Top of Information provided

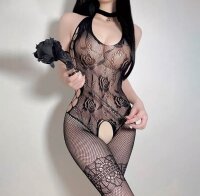 Noir Rose Halter Bodystocking – Schwarzer Spitzen Netz Catsuit mit Rosenmuster, seitlichen Lacing Cut Outs & ouvert Schritt, One Size XS–L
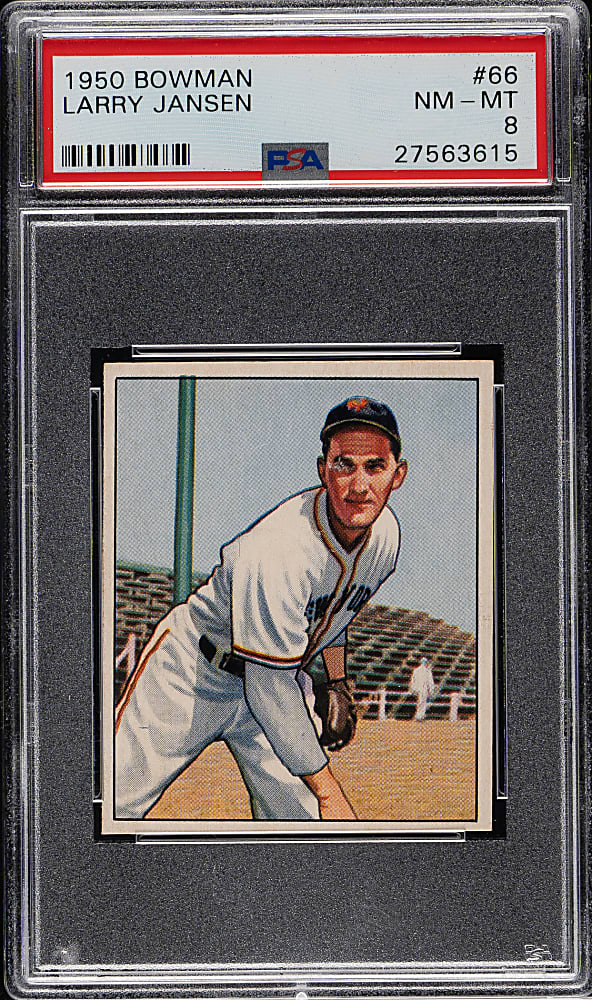 1950 Bowman #66 Larry Jansen PSA NM-MT 8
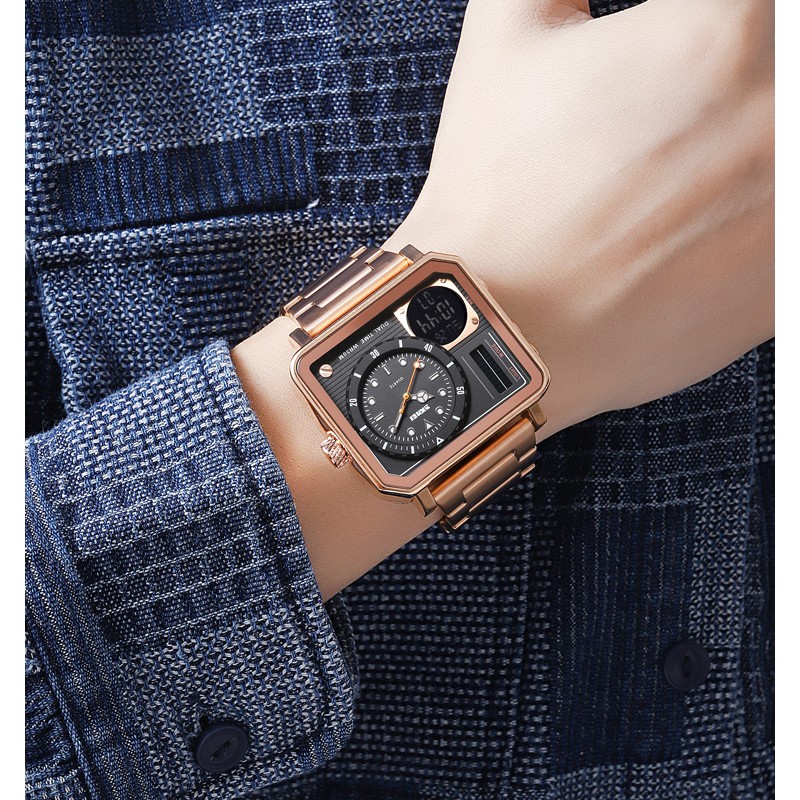 Мужские часы Skmei 2025RG Rose Gold в квадратном корпусе с комбинированным циферблатом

Bottom of Information provided

- [Problem description] The listing above, line by line: print it exactly, but not its pictures.

- [Output for this task]
 Noir Rose Halter Bodystocking – Schwarzer Spitzen Netz Catsuit mit Rosenmuster, seitlichen Lacing Cut Outs & ouvert Schritt, One Size XS–L
 1950 Bowman #66 Larry Jansen PSA NM-MT 8
 Мужские часы Skmei 2025RG Rose Gold в квадратном корпусе с комбинированным циферблатом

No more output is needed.